Taklit markayı herhangi bir şekilde kullanmakta olan kişi marka sahibinin markanın varlığından ve tecavüzden ve kendinin haberdar etmesi ve tecavüz durdurmasının talep etmesi halinde veya kullanmanın kusurlu davranış teşkil etmesi halinde sebep olduğu zararı tazmin etmekle yükümlüdür.” 

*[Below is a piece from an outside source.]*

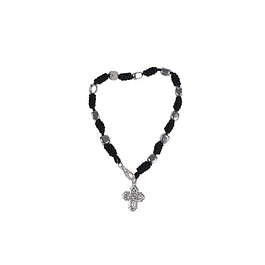 Cord bracelet with metal cubes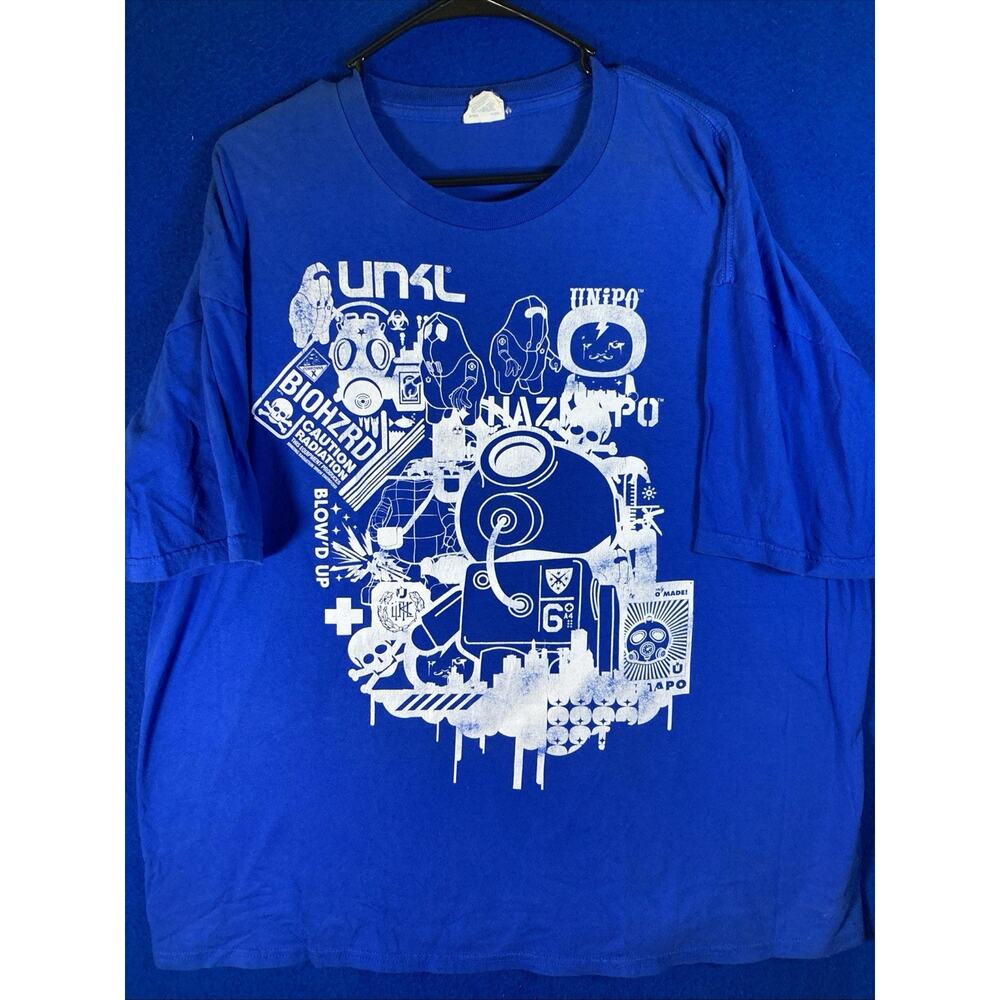 UNKL Blue T-Shirt Men's Size 2XL Biohazard Hazmapo Graphic Print Tee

Hükmün 1. Fıkrasında 2. Fıkradan farklı bir şekilde kusurdan hiç söz edilmemiştir. 1. Fıkrada kusurdan hiç söz edilmemiş olmasını bu fıkrada sözü edilen kişilerin kusurlu olmasalar dahi tazminat ödemekle yükümlü tutulabilecekleri anlamında yorumlanmaması gerekir.

KHK 64-1 in kapsamına taklit markayı taşıyan malları ilk failden istiap ettikten sonra satışa sunan veya başka bir şekilde ticaret alanına çıkaran ya da ticari amaçla elinde bulunduran kişilerde girer bu kişilerin marka hakkına tecavüz etmiş sayılabilmeleri için markanın taklit edilmiş olduğunu bilmeleri ya da bilmelerinin gerekli olması gerekir.

Haksız fiiller alanında kusursuz sorumluluğun istisnai bir durum olduğunu ve ancak bu hususu ön gören açık bir düzenleme ile getireceği, KHK 64 -1 de ise böyle bir açıklığın bulunmadığı hususları göz önünde bulundurulduğunda genel hükümlere göre tayin edilecek bir tazminat ödeme yükümünden bahsedebilmek için kusurun varlığı aranmalıdır.